*DATA EXTRACT*:
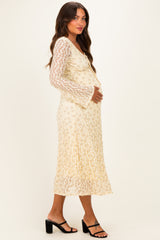 woman wearing a light yellow embroidered maternity dress with long lace sleeves and holding her baby bump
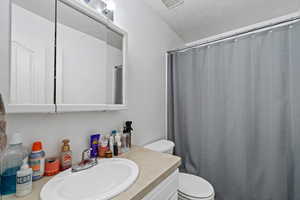 Full bathroom with vanity, a textured ceiling, and a shower with curtain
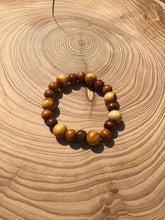 Load image into Gallery viewer, Handmade beaded bracelet on elastic. Made out of brown and beige recycled beads.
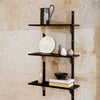 Black shelving unit with sleek lines and neutral decor against textured beige wall.
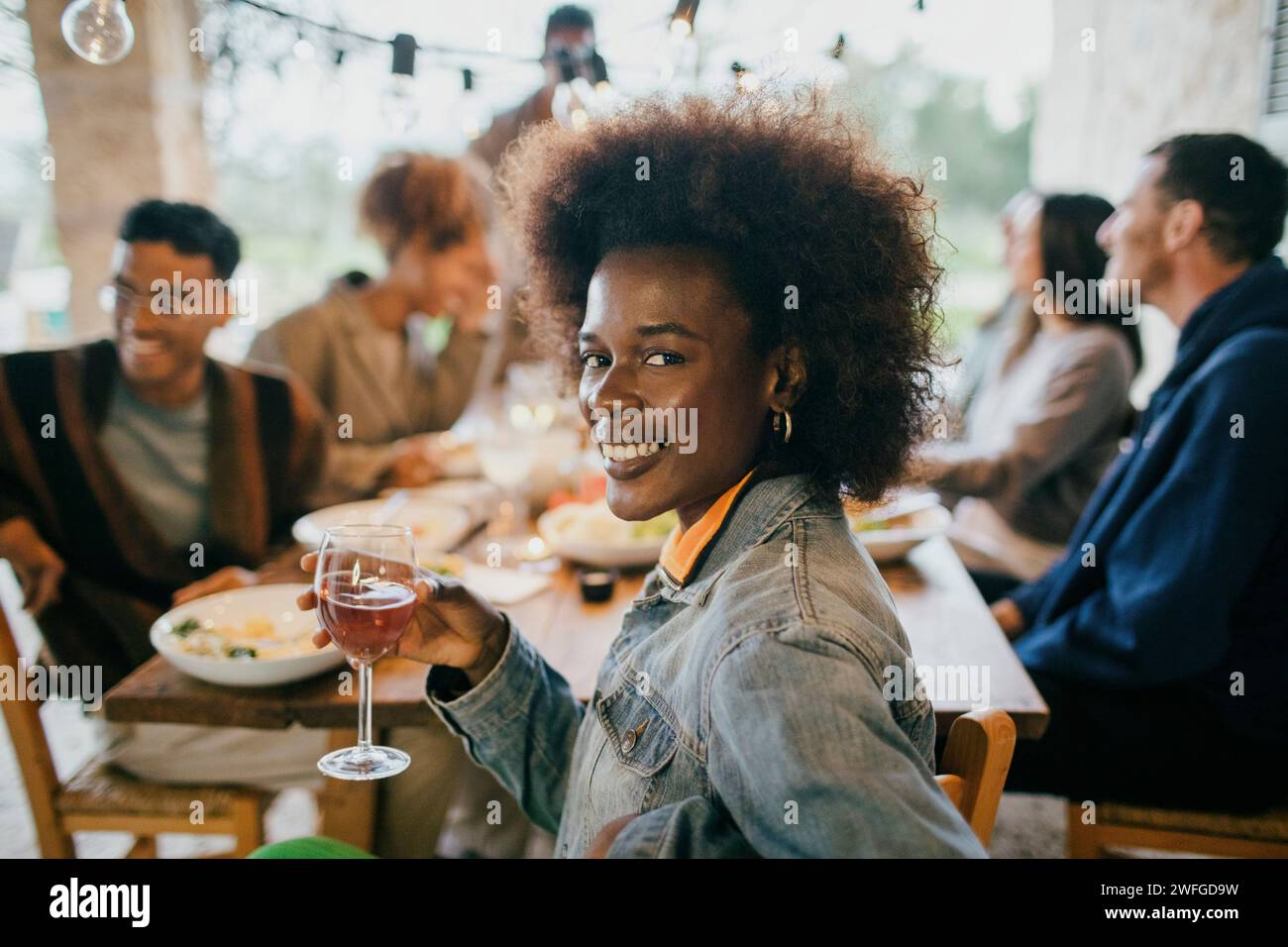 Portrait souriant de jeune femme avec coiffure afro tenant le verre à vin Banque D'Images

*PROBLEM TO WORK ON*: Output the entries above verbatim. Omit the images.

*YOUR SOLUTION*:
 woman wearing a light yellow embroidered maternity dress with long lace sleeves and holding her baby bump
 Full bathroom with vanity, a textured ceiling, and a shower with curtain
 Load image into Gallery viewer, Handmade beaded bracelet on elastic. Made out of brown and beige recycled beads.
 Black shelving unit with sleek lines and neutral decor against textured beige wall.
 Portrait souriant de jeune femme avec coiffure afro tenant le verre à vin Banque D'Images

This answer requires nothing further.